What do we know about the sampling distribution of \(\hat{p}\)?
This is the sampling distribution of \(\hat{p}\). It is convenient to convert \(\hat{p}\) into a \(z\)-score using the formula \[ z = \frac{\hat{p}-p}{\sqrt{p(1-p)/n}}. \]
This is the sampling distribution of \(z\). But we do not know the value of \(p\)!
Null Hypothesis \((H_0)\): Usually the hypothesis of “no effect” (e.g., nothing is “happening”). In practice the null hypothesis is often that the parameter equals a specific value (although we will consider the case when it may be a range of values when we discuss composite null hypotheses).
Alternative Hypothesis \((H_a)\): Usually the hypothesis of an “effect” (e.g., something is “happening”). In practice the alternative hypothesis is usually that the parameter is in a range of values.
What would the null and alternative hypotheses be for the examples above?
A test statistic measures the discrepancy between the point estimate of the parameter and the hypothesized value of the parameter. A test statistic is computed under the assumption that the null hypothesis is true.
Example: The \(z\)-score \[ z = \frac{\hat{p}-p}{\sqrt{p(1-p)/n}} \] is a test statistic. What would be the value of the test statistic for the examples above?
Modus Tollens: If A then B. Not B. Therefore not A.
Example: If someone is a Hobbit (A), then their feet will be hairy (B). Your feet are not hairy (not B). Therefore you are not a Hobbit (not A).
Example: If it rains today (A), then the ground will be wet (B). The ground is not wet (not B). Therefore it did not rain today (not A).
“Probabilistic” Modus Tollens: If \(H_0\) is true (A), then the test statistic is likely to be a “typical” value (B). The test statistics is not a “typical” value (not B). Therefore \(H_0\) is decidedly false (not A).
Example: If \(H_0\) is true (A), then it is likely that -1.96 < \(z\) < 1.96 (B). So if \(z\) > 1.96 or \(z\) < -1.96 (not B), then we decide that \(H_0\) is not true (not A).
What can we decide?
The test statistic is a “typical” value when \(H_0\) is true. Do not reject \(H_0\). The result is not statistically significant.
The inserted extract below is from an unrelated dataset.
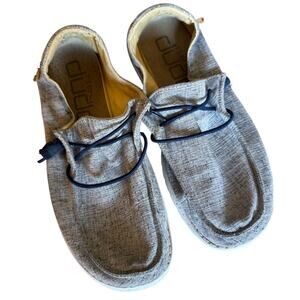 HeyDude light grey size 7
The test statistic is not a “typical” value when \(H_0\) is true. Reject \(H_0\). The result is statistically significant.
Note: This is not a true modus tollens argument. This argument can lead us to the wrong conclusion because it is still possible to observe an atypical value of the test statistic even if \(H_0\) is true.
Example: What might we decide for the previous examples?
Do female platies have a preference for a yellow-tailed male? In 67 out of 84 observations, the female platy spent a majority of her time with the yellow-tailed male. Is this statistically significant?